Capitalists - own means of production
Wrkers - own their own labor power
Additional criteria:
- Relation to prevailing mode of production: economic interests,
source (not amount) of income.
- Cultural and moral differences: cultural affinity, way of life,
set of social values.
- Organization into political party.
- Class consciousness (awareness of common interest, scientific
understanding of oppression).
- Collective interests antagonistic to another social group.
- Degree of control over life and working conditions.
- Involvement in class struggle.
- Production of surplus value.
For Marx, the proletariat is the only revolutionary class:
- Other classes disappear in the face of modern industry.
- The petit-bourgeoisie and the peasants etc., try to save themselves
from extinction as factions of the middle class. Their actions
can be reactionary because they try to roll back history.

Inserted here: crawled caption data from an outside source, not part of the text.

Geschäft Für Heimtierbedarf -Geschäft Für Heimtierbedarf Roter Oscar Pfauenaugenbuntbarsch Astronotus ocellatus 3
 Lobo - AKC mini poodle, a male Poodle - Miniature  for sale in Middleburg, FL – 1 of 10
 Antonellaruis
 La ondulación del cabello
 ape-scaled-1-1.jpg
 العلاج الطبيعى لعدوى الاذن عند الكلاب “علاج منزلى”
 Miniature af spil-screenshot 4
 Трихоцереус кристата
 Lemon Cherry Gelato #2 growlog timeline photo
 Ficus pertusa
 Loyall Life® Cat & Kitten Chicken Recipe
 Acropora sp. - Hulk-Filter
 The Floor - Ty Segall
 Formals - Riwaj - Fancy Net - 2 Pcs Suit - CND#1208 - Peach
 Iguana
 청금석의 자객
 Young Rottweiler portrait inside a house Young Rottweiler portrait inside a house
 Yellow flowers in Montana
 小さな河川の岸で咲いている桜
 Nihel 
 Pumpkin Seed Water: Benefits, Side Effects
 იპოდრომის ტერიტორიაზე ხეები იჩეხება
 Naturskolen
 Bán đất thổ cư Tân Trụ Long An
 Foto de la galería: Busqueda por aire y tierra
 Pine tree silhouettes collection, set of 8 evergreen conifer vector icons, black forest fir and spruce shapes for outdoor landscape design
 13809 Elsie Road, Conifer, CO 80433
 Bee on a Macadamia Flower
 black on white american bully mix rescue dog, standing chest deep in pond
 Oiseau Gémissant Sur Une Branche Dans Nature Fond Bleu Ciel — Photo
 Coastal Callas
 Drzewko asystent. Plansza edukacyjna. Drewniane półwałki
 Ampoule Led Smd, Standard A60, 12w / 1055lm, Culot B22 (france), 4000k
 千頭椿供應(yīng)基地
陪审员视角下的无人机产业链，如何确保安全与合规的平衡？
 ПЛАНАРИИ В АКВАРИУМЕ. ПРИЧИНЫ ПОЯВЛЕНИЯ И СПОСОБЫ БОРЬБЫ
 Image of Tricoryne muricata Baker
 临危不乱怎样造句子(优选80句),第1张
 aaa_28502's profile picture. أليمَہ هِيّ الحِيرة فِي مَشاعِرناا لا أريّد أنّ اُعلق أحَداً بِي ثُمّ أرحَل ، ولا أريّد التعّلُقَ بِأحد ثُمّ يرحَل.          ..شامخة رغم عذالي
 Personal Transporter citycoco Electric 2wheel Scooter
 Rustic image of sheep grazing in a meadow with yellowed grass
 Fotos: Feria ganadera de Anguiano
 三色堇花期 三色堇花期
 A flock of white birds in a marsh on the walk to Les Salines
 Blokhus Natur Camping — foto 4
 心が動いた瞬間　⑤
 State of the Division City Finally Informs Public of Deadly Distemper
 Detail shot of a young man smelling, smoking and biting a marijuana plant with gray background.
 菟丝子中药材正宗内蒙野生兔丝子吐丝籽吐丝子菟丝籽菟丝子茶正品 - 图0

- During revolutionary upheavals of the past, other classes have
imposed their own conditions of appropriation on society but the
proletarians must abolish their conditions of appropriation to
achieve liberation. The proletarians have nothing of their own
to secure and fortify; they destroy all modes of private appropriation.
"The proletarians cannot become masters of the productive forces
of society, except by abolishing their own previous mode of appropriation,
and thereby also ever other previous mode of appropriation."
- The working class is the numerical majority.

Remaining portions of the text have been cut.